React hooks shipped in early 2019, and I moved the interface onto them in 2020. The memoizer predated that by years: every consumer read its data in componentDidMount, tore down its subscription in componentWillUnmount, and held the result in this.state. Porting all of that to useState and useEffect meant rewriting the seam between the data layer and every component that touched it, and I sat down expecting a long, mechanical week of it.
It wasn’t. The whole seam collapsed into a single factory — one function that turns any wrapped getter into a React hook. This is the snippet that sold me on TypeScript:
function generateUseFunc<T>(getter: DataMemoizerWrappedFunction<T>) {
return function useGeneratedFunc() {
const [configData, setConfigData] = useState<null | T>(null);
useEffect(() => {
const uniqueId = generateUniqueId();
getter()
.then(setConfigData)
.then(() => getter.addChangeListener(uniqueId, (evt) => evt.data && setConfigData(evt.data)));
return () => getter.removeChangeListener(uniqueId);
}, []);
return configData;
};
}
It’s worth saying why. I’d misspent my formative years in Java, where the compiler only trusts you if you write everything down twice: a function that is also an event source isn’t a shape the language will say for you, so you declare an interface by hand and keep it in lockstep with the implementation forever. TypeScript hands you that type for free — it’s just ReturnType<DataMemoizer<T>["wrap"]>, whatever wrap returns, derived from the code instead of declared alongside it, so it can never drift. That was the moment the type system stopped feeling like paperwork and started feeling like leverage. And it’s what lets generateUseFunc adapt every endpoint to a useEffect-style hook one line each:
export const useConfigData = generateUseFunc(DataSource.config.getConfigData);
export const usePeopleData = generateUseFunc(DataSource.people.getPeople);
export const useEventData = generateUseFunc(DataSource.events.getEvents);
This turned a week’s worth of work into about an hour, and allowed me to slowly cut over my backend strangling-vine style over the better part of a year instead of forcing me to do it all at once.

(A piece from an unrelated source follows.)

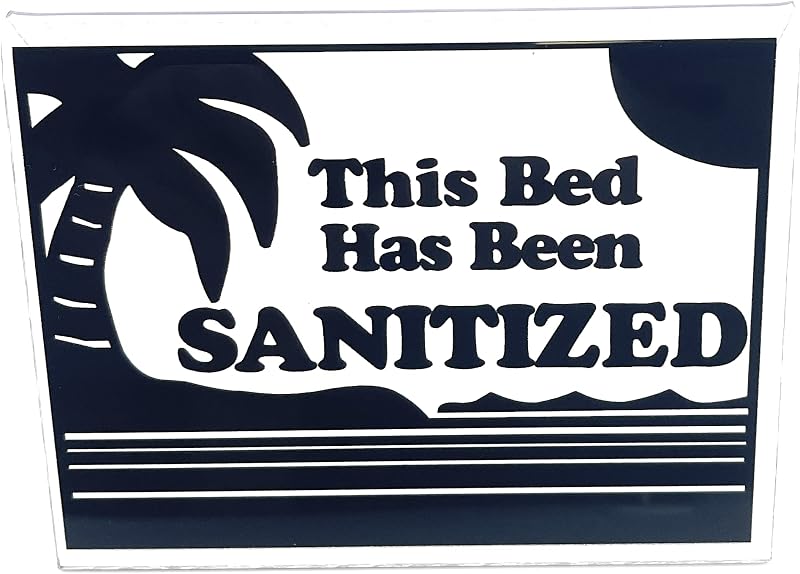 Placa de acrílico Generic para cama de bronzeamento, letras pretas, 8,89 cm x 11,43 cm, 1 unidade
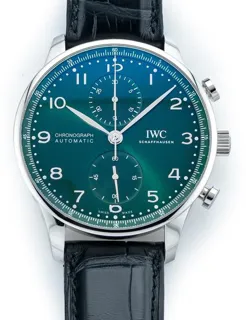 IWC Portugieser IW371615 41mm Stainless steel Green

I won’t oversell it. Not everything went through the memoizer — a few hooks hand-rolled useState + useEffect, one with a setInterval polling loop, one deliberately not clearing state on prop change to avoid a flicker. The presence of those one-offs is the honest tell: a uniform cache layer is exactly the thing you reach for once you have three bespoke ones, and I hadn’t pulled them in yet. There was no stale-while-revalidate, no retry policy, no devtools, no garbage collection of caches nobody was watching.
Which is the point, in a way. Years later I would replace this whole layer with openapi-fetch and TanStack Query — the renamed, grown-up react-query — and the mapping is almost exact: DataMemoizer is a queryClient entry, wrap + generateUseFunc is useQuery with a queryKey, updateWithData is setQueryData, and dirty() is invalidateQueries. The library does it declaratively, handles all the cases I punted on, and I deleted a few hundred lines to adopt it. That’s the right trade and I’d make it again.
But I keep a soft spot for the original, because writing it taught me the shape of the problem before a library handed me the answer. What I’d reach for now — a key-addressed cache of promises you can push into and invalidate, that notifies its subscribers on change — is something I had to understand before I could build, and that understanding is why TanStack Query reads to me as obvious rather than magic. The best argument for rolling your own, once, is that it’s the cheapest way to actually learn what the library is for.